To solve the system of equations
\[ -4x + 6y = 38 \quad \text{(1)} \] \[ x - 5y = -20 \quad \text{(2)}, \]
we can use the substitution or elimination method. Here, we will use the substitution method.
First, let's solve equation (2) for \(x\):
\[ x = 5y - 20. \]
Now, we will substitute this expression for \(x\) into equation (1):
\[ -4(5y - 20) + 6y = 38. \]
Expanding this gives:
\[ -20y + 80 + 6y = 38. \]
Combining like terms yields:
\[ -14y + 80 = 38. \]
Now, subtract 80 from both sides:
\[ -14y = 38 - 80, \] \[ -14y = -42. \]
Next, divide both sides by -14:
\[ y = \frac{-42}{-14} = 3. \]
Now that we have \(y\), we will substitute it back into the expression for \(x\):
\[ x = 5(3) - 20, \] \[ x = 15 - 20, \] \[ x = -5. \]

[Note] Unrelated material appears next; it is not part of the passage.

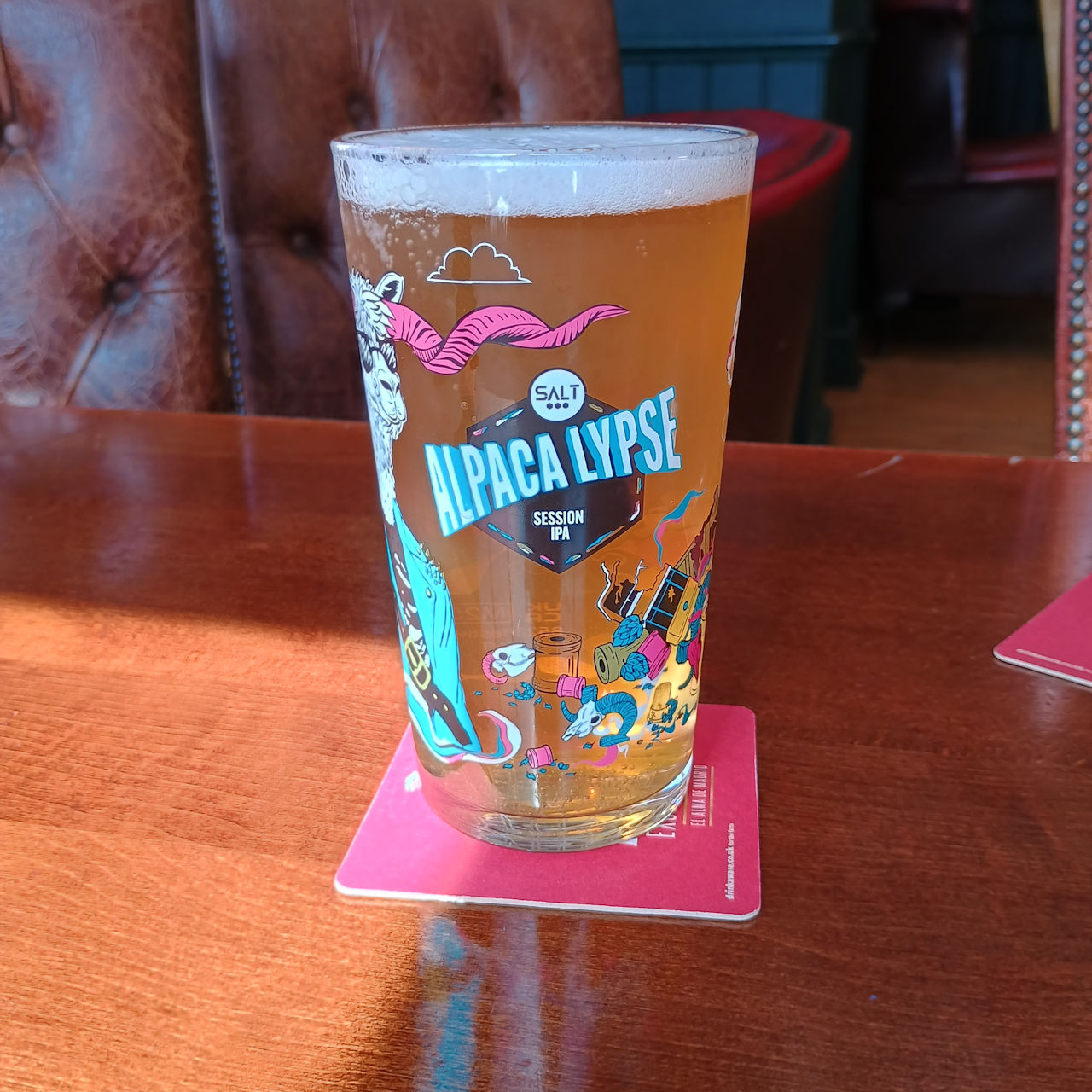 A full glass of Alpacalypse, showing the logo and various post-apocalyptic debris.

Thus, the solution to the system of equations is
\[ \boxed{(-5, 3)}. \]
To verify, we can substitute \(x = -5\) and \(y = 3\) back into both original equations:
- For the first equation:
\[ -4(-5) + 6(3) = 20 + 18 = 38 \quad \text{(correct)}. \]
- For the second equation:
\[ -5 - 5(3) = -5 - 15 = -20 \quad \text{(correct)}. \]
Both equations are satisfied, confirming the solution is indeed \( \boxed{(-5, 3)} \).